» Problem to work on: Copy the material below verbatim from the line with "10 Hollow Glen" to the line with "carpeted bedroom with a textured ceiling", both lines included, omitting pictures and every line outside that range.

» Excerpted data:
◇ ◇ ◇ ◇

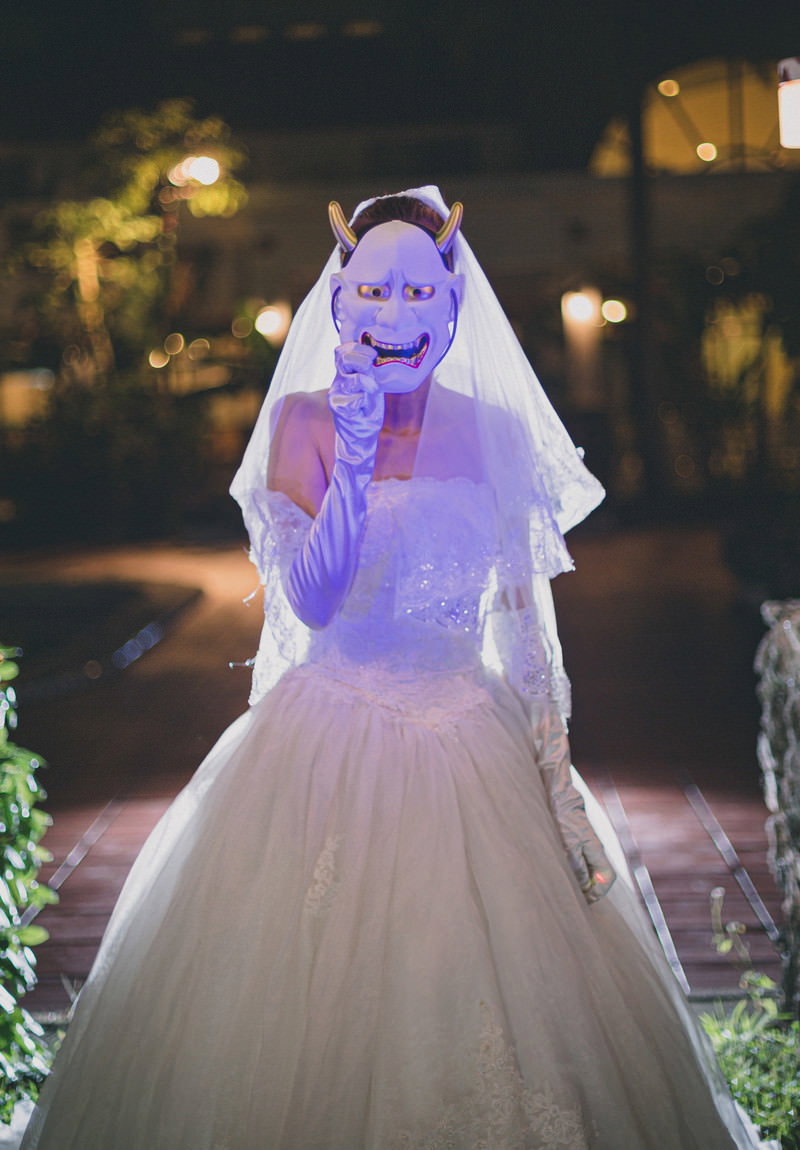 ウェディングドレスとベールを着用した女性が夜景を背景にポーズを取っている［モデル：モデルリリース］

◇ ◇ ◇ ◇

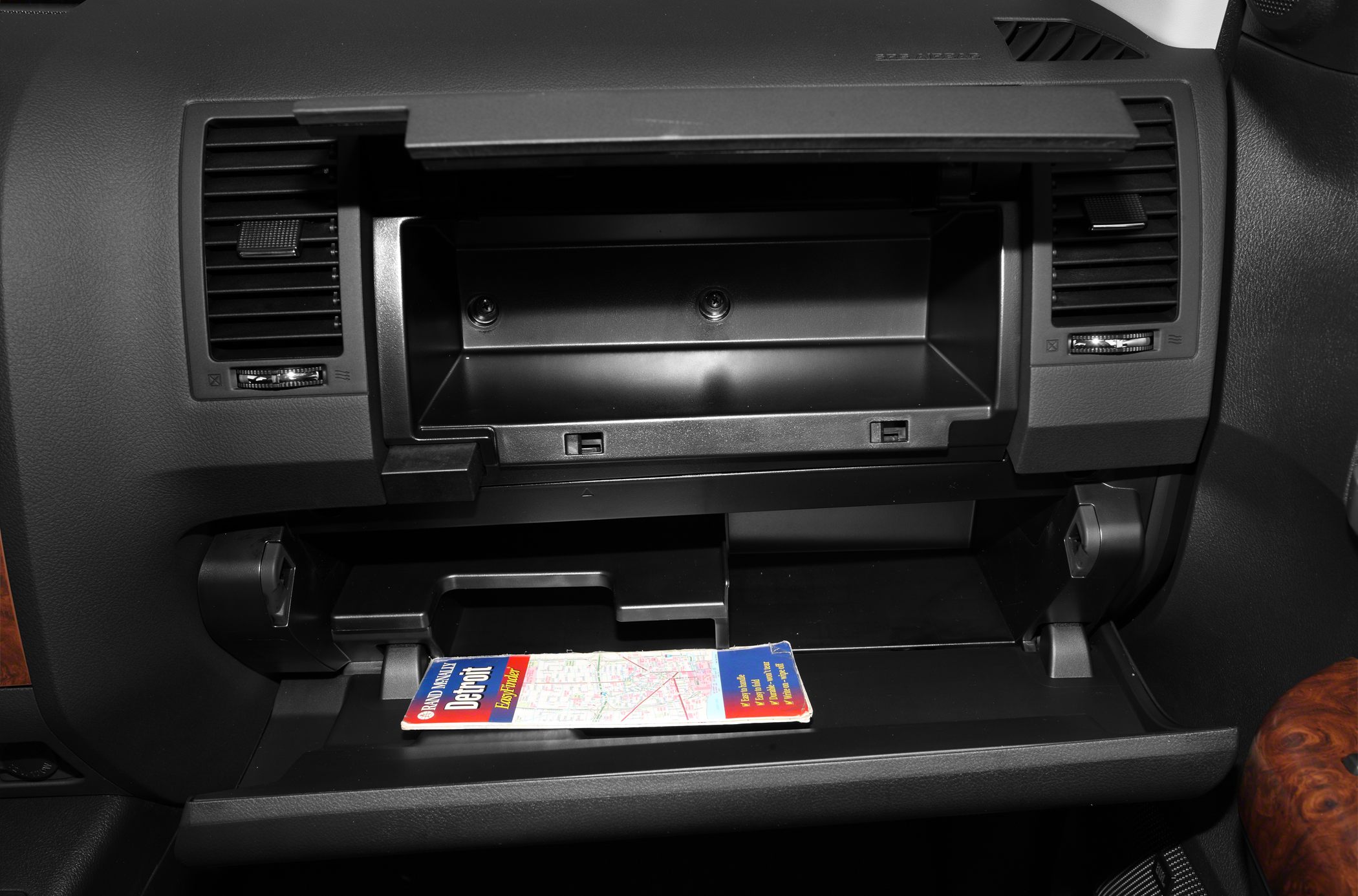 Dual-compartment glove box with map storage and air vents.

◇ ◇ ◇ ◇

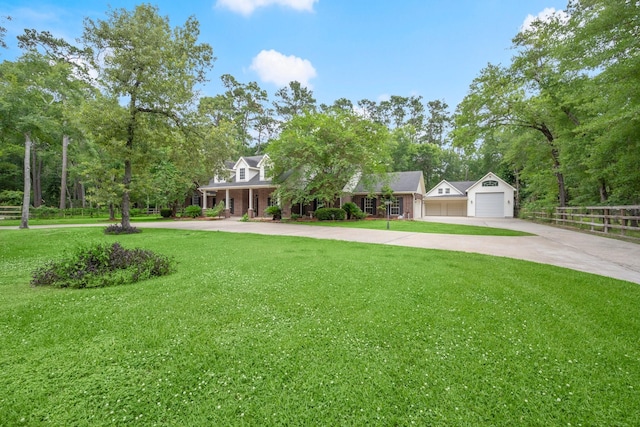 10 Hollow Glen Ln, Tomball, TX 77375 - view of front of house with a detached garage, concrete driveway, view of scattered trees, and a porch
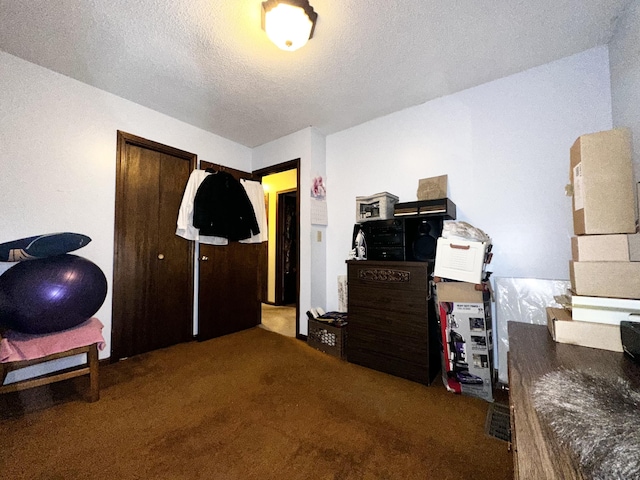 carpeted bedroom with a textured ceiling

◇ ◇ ◇ ◇

» Written reply:
 10 Hollow Glen Ln, Tomball, TX 77375 - view of front of house with a detached garage, concrete driveway, view of scattered trees, and a porch
 carpeted bedroom with a textured ceiling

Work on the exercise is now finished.